Set Theory

[odumath]

I am taking a class that covers "set theory". Please see URLs below for the problem and my answer.

Problem:
http://img33.imageshack.us/img33/2795/problemx.jpg

My Answer:
http://img30.imageshack.us/img30/3598/answerx.jpg


I have no trouble following the function "R" (first function). For this one (I think) the answer is "yes" for all... reflexive, symmetry, and transitive.

On the 2nd function (S), I am not totally sure about the "transitive" relation though.

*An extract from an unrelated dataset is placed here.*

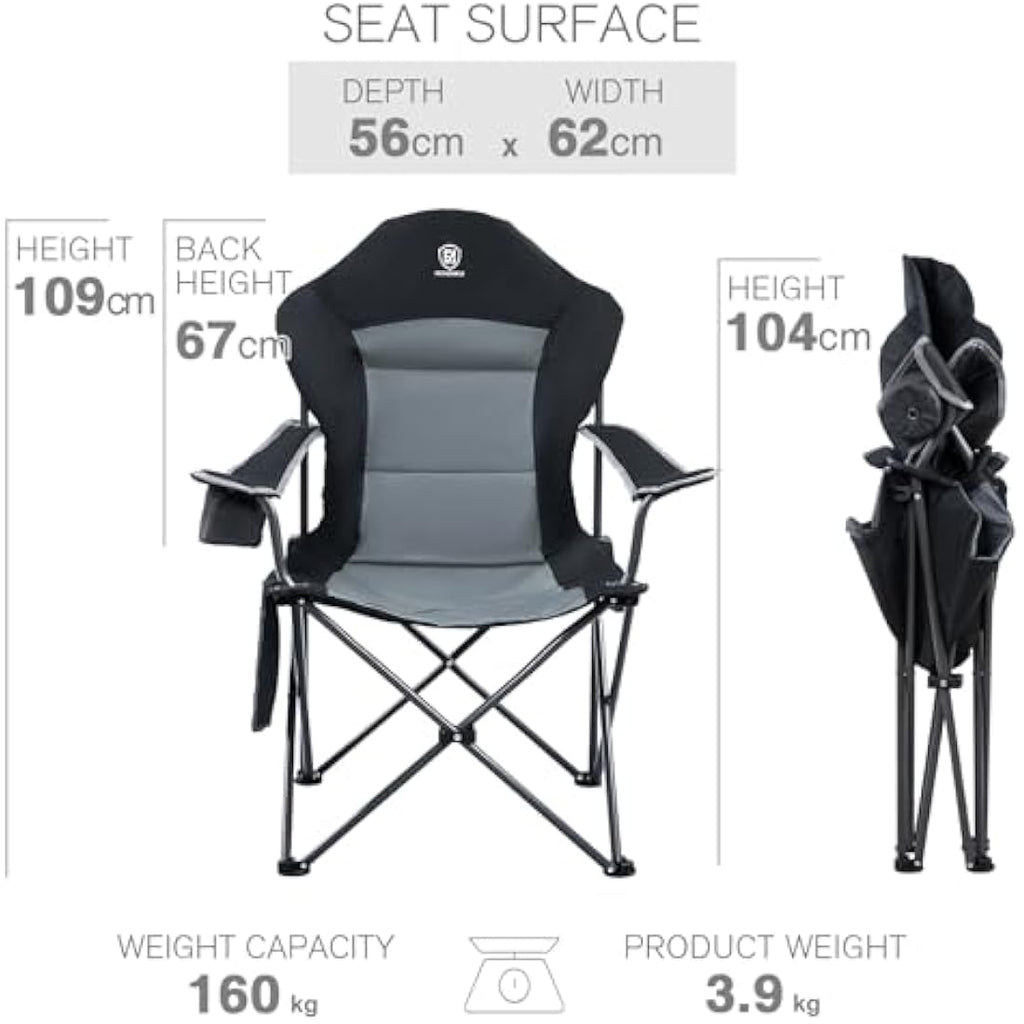 Ever Advanced Heavy Duty Folding Camping Chair | 160kg Oversized Seat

Based on the 2nd diagram, all relations are drawn: S = {(2, 3), (1, 2), (2, 1), (3, 1), (1, 3)}

What I don't understand is the following:

1. While (3, 1) is given, should it or should it NOT be drawn? Why? (3,2) doesn't exist, so logically (3,1) shouldn't exist, right?

2. Based on the previous statement, I could argue though that it does not matter whether (3,2) exist. I still should be able to go from C to A.

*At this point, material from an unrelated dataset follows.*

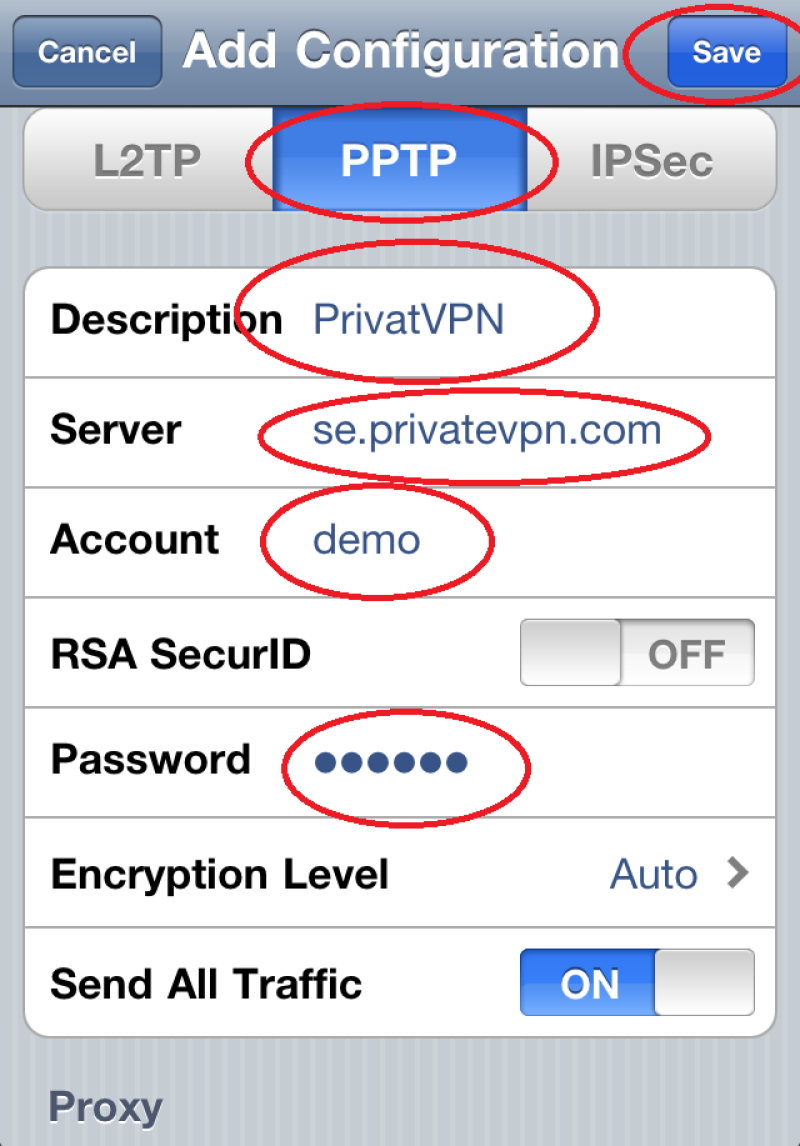 PrivateVPN PPTP Settings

Again, given that (3,2) does not exist, I'm not sure if the provided (transitive) relationships (1,3) and (3,1) should be included or excluded.

Finally, assuming that I should leave (1,3) in the graph, is this "one-way" relationship TRANSITIVE OR NOT?

Thanks,
odumath

 

[daon]

I've never seen these diagrams, but if 3~1 then yeah, draw it. I'm not sure why you think (3,1) shouldn't exist (they gave you a specific relation in which is DOES). This is an example of a non-symmetric and non-transitive relation.

\(\displaystyle (3\sim 1) \,\, and \,\, (1\sim 2) \,\, but \,\, 3 \not \sim 2\)

 

[odumath]

daon,

could you pls expand as to why it's NOT transitive?

Thanks,
odumath

 

[daon]

I believe I showed exactly why it isn't. Transitivity means the following must be true: if aRb and bRc then aRc I picked a=3, b=1, c=2. I don't think it could be made any clearer...

 

[odumath]

Thanks, Daon.

I appreciate your help.

odumath